Pictures with short captions
....
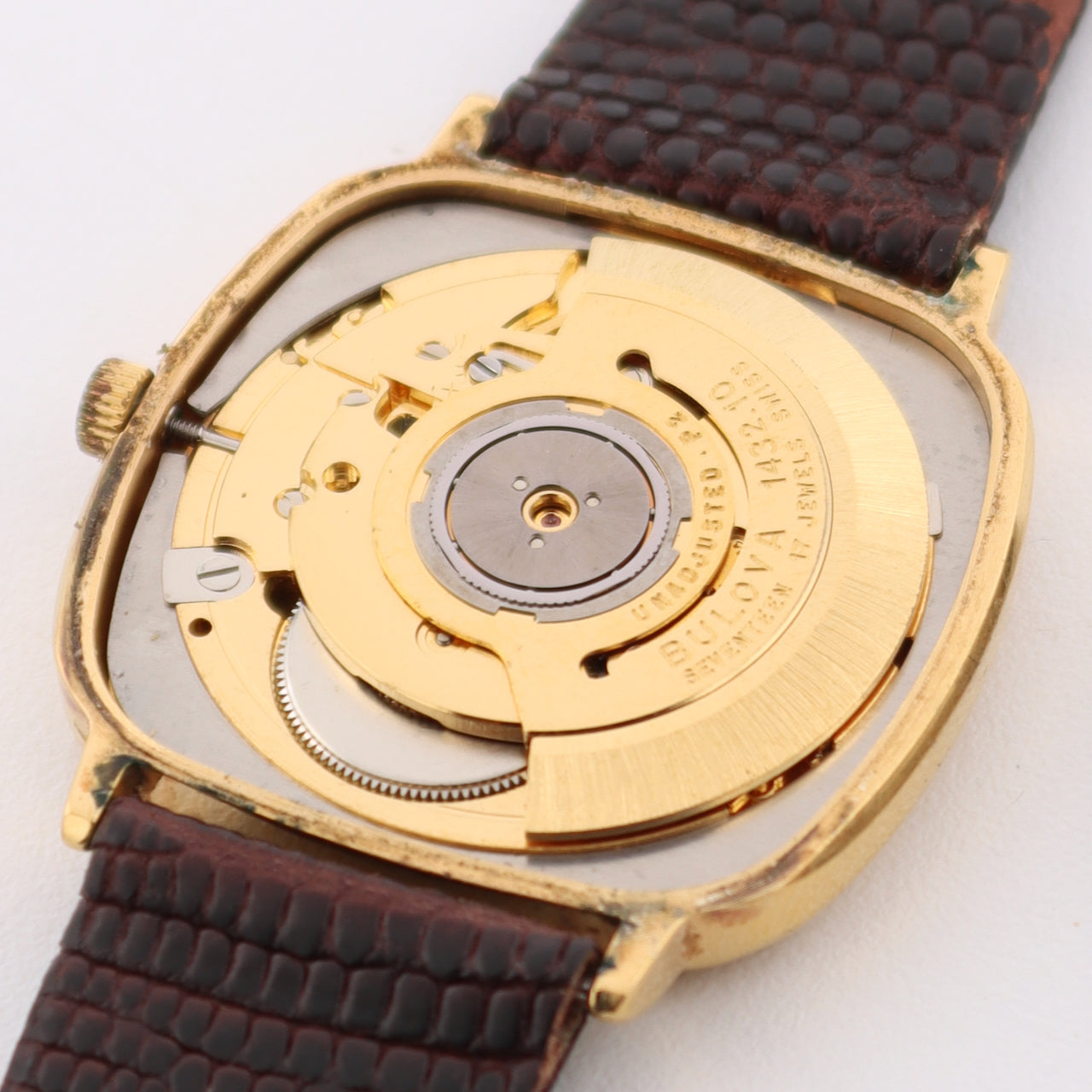 Bulova Square Date E-12399 1982
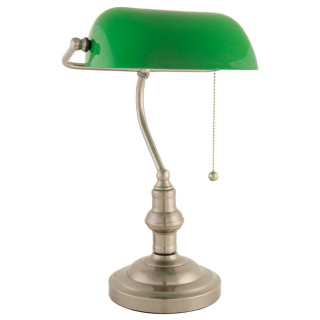 Tiffany Bürolampe Schreibtischlampel grün 27 x 40 cm E27 Max. 60W Clayre & Eef 5LL-5100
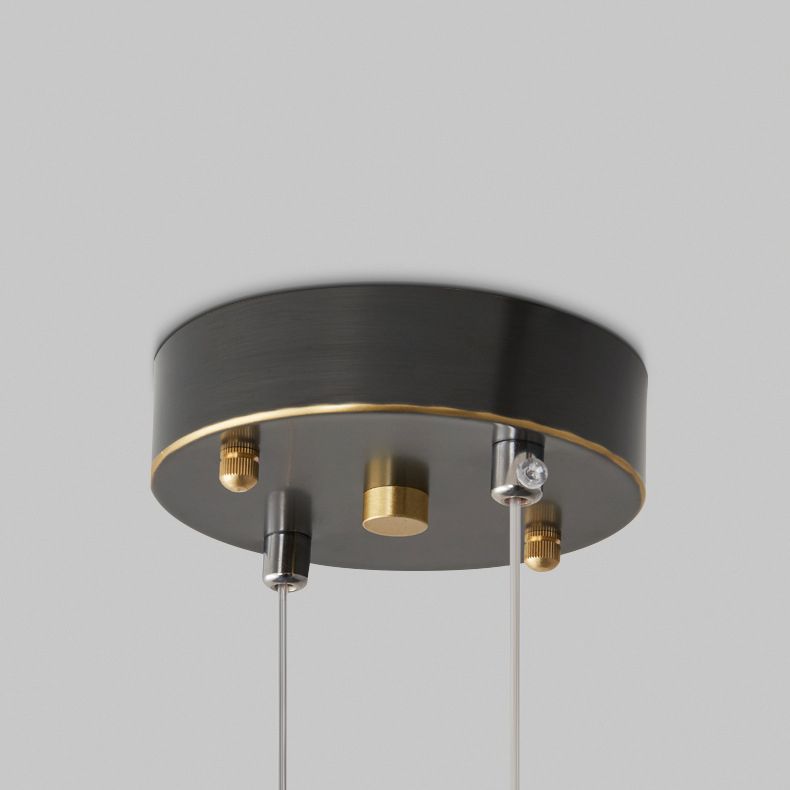 Modern 2-Light Black Kitchen Island Lighting LED Island Pendant Lighting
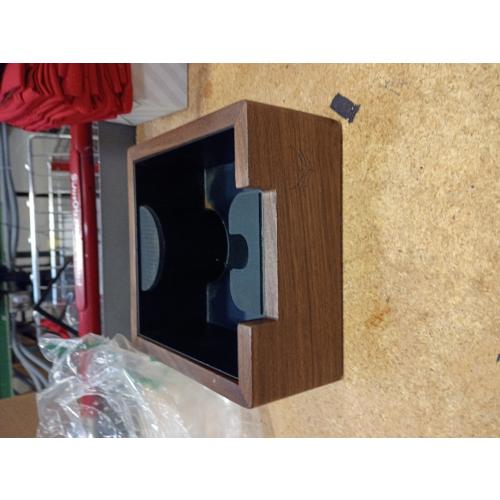 Wooden Espresso Knock Box Walnut Dump Bin for Coffee Grounds Disposal Durable, Shock-Absorbent Espresso Machine Accessories, Easy to Clean Tamping Station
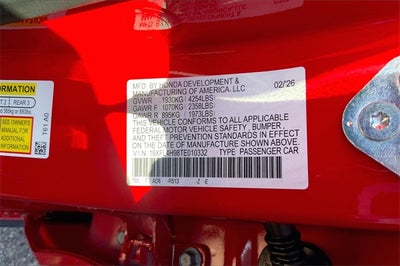 2026 Honda Civic Hybrid Sport Touring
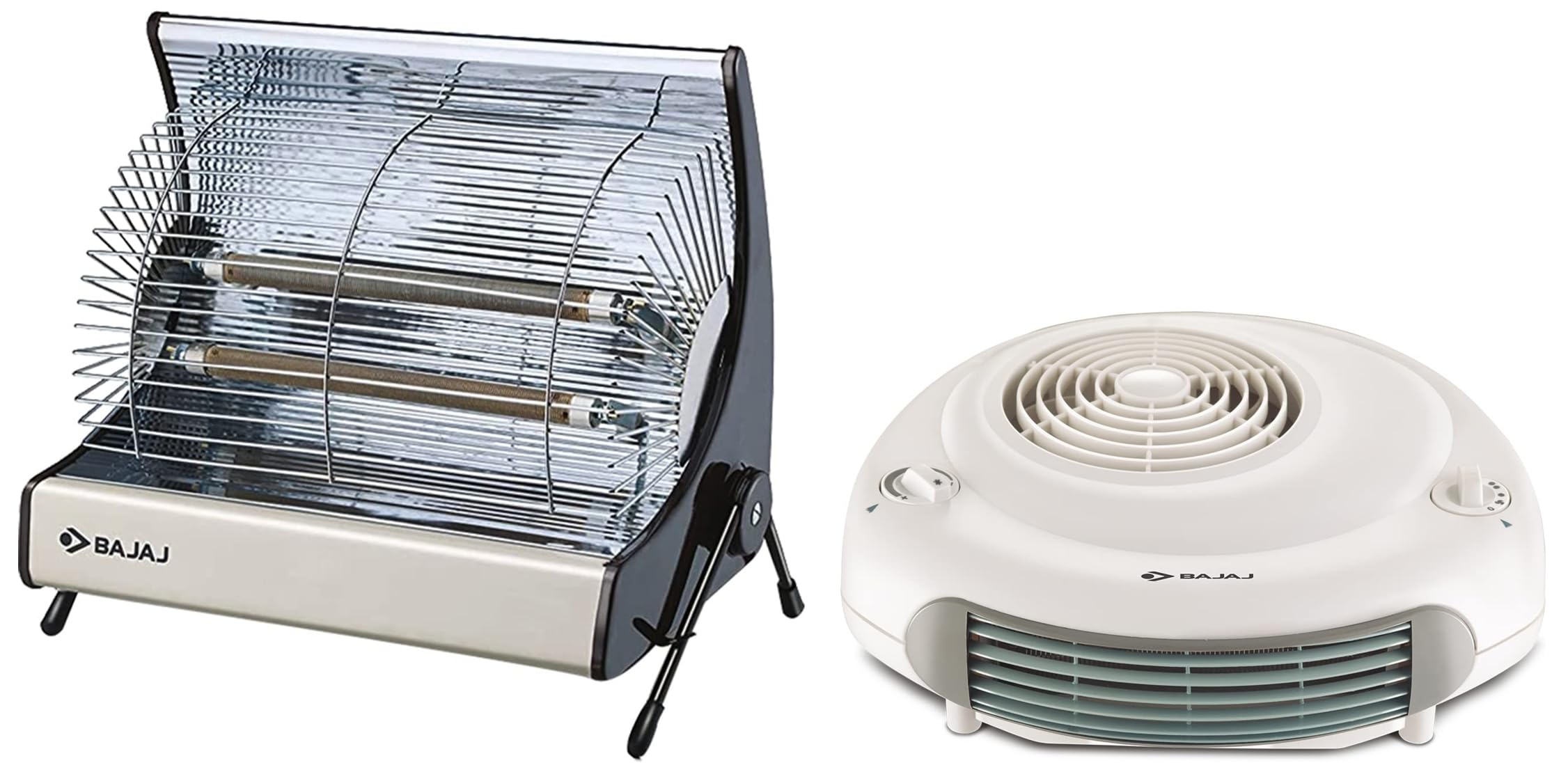 Bajaj Majesty RX11 2000 Watts Heat Convector Room Heater (White, ISI  Approved) u0026 Bajaj Deluxe 2000 Watts Halogen Room Heater (Steel, ISI  Approved), Multicolor : Amazon.in: Home u0026 Kitchen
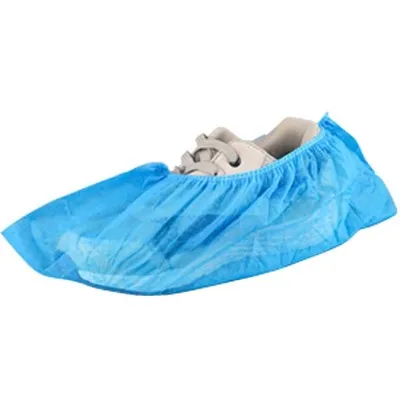 
Premium Disposable Non Woven Shoe Covers PP Antiskid Boot Covers Durable Elastic Nonskid Foot Cover 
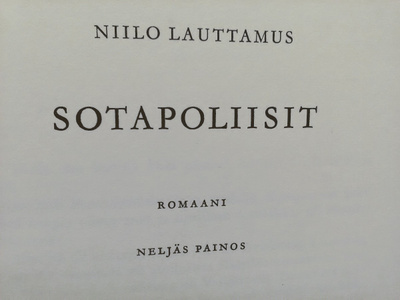 Sotapoliisit - Niilo Lauttamus (sid.)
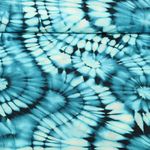 Viskose-Popeline - Digitaldruck Batik Türkis
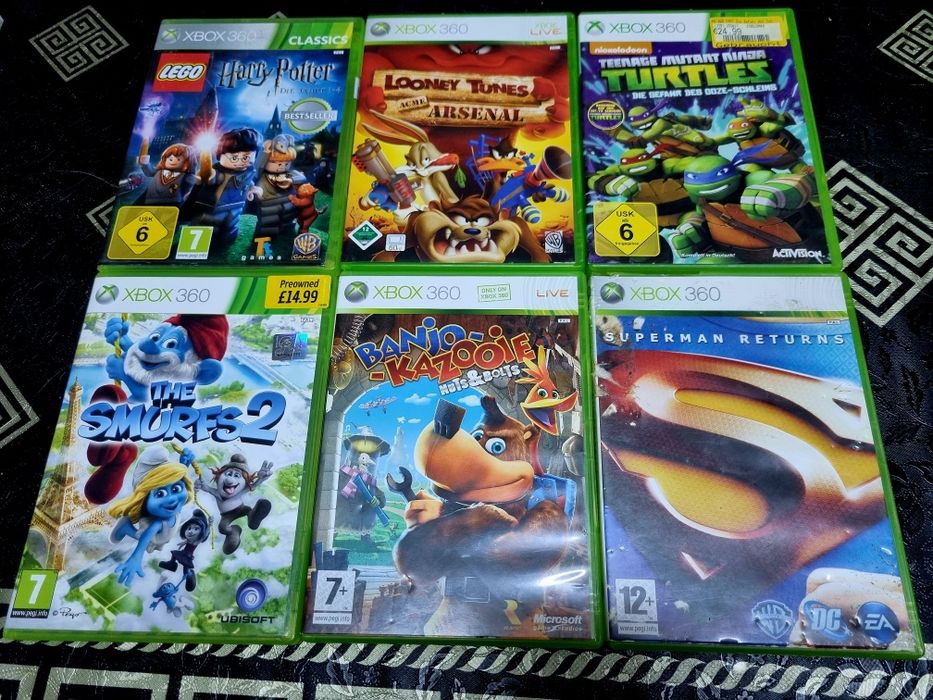 Lego/ Sonic/ Star Wars/Smirfs/Turtles n/Superman Kinect copii Xbox 360
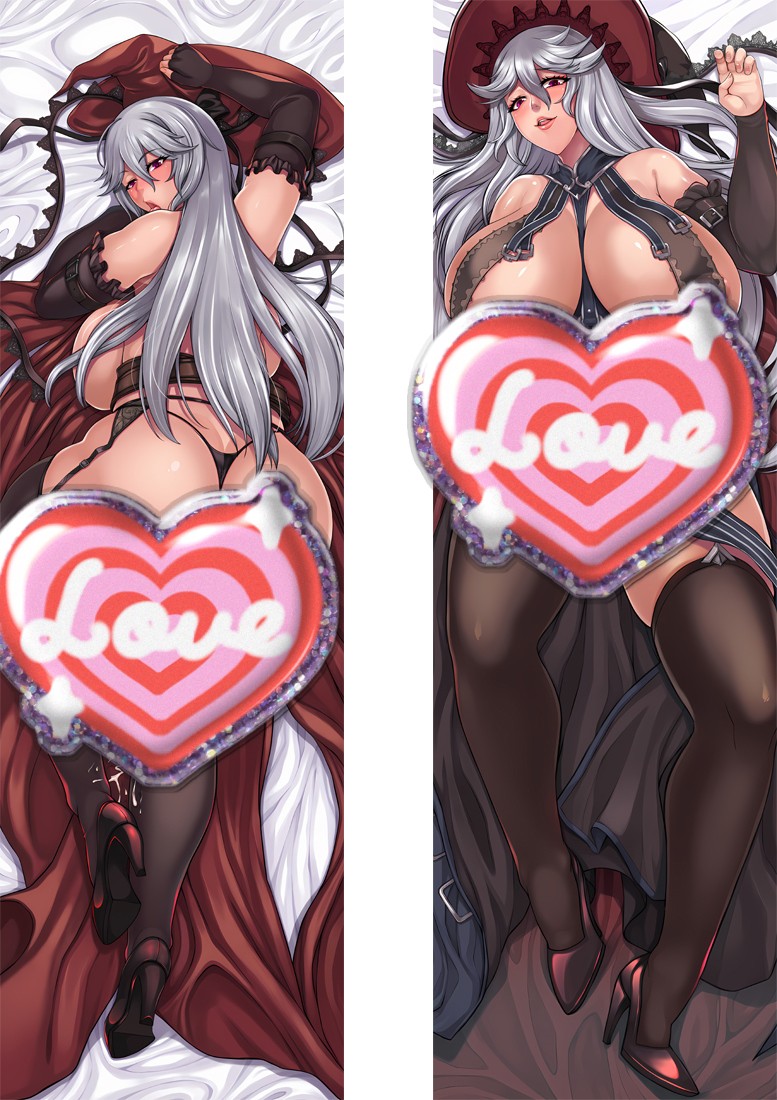 Granblue Fantasy Anime Dakimakura Body Pillow Cover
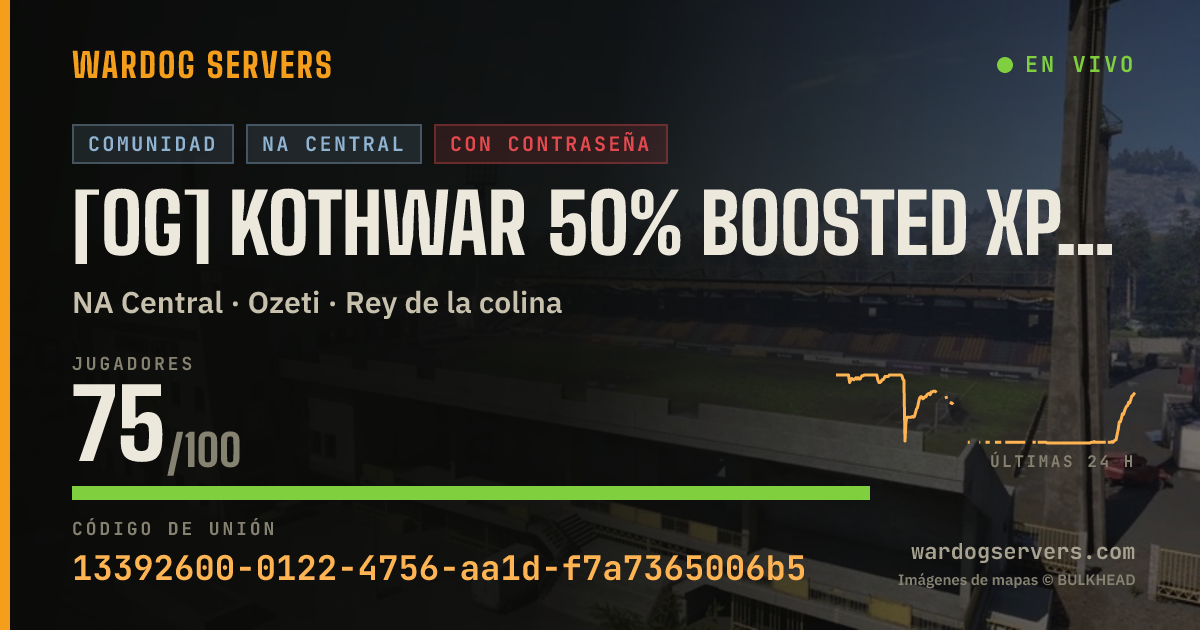 Banner de estado en vivo de [OG] kothwar 50% Boosted XP & Cash discord.gg/heventeran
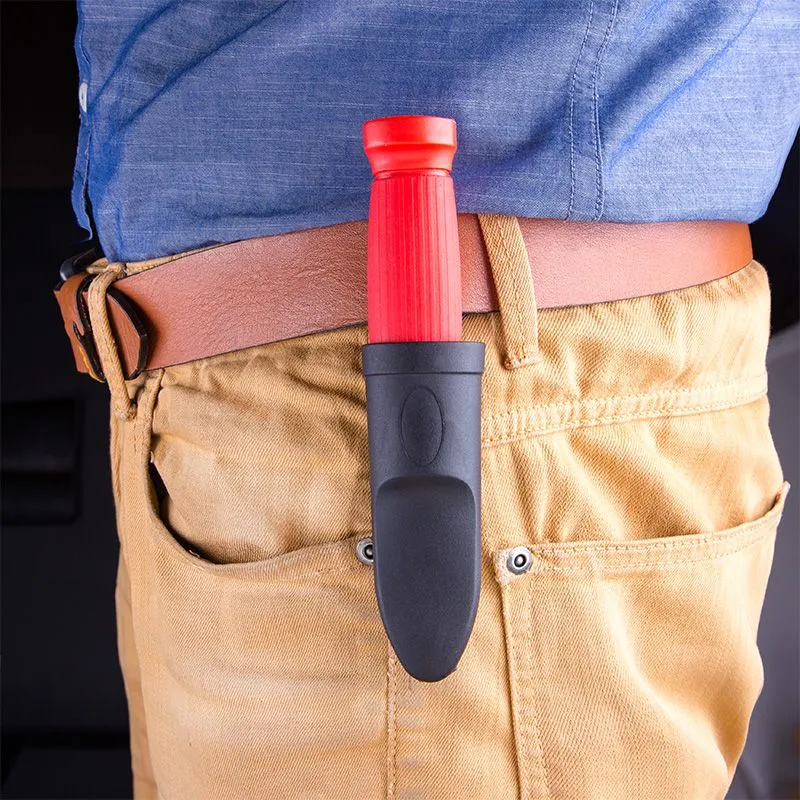 Нож монтажника, нержавеющая сталь, двухсторонняя заточка, лезвие 33мм REXANT - Фото 2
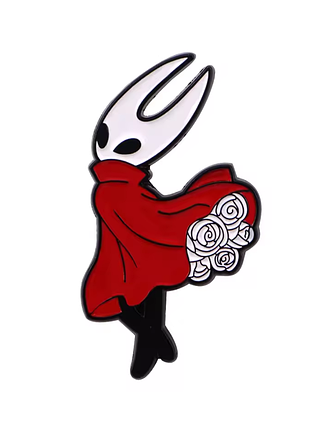 Металевий значок з гри hollow knight silksong брошка хорнет hornet games pin червона балерина порожнистий лицар метроидування білі троянди жук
....
Directions for this task -> Word for word, restate the lines above from the first through the one that contains "Modern 2-Light Black", and exclude all pictures.

Task answer ->
 Bulova Square Date E-12399 1982
 Tiffany Bürolampe Schreibtischlampel grün 27 x 40 cm E27 Max. 60W Clayre & Eef 5LL-5100
 Modern 2-Light Black Kitchen Island Lighting LED Island Pendant Lighting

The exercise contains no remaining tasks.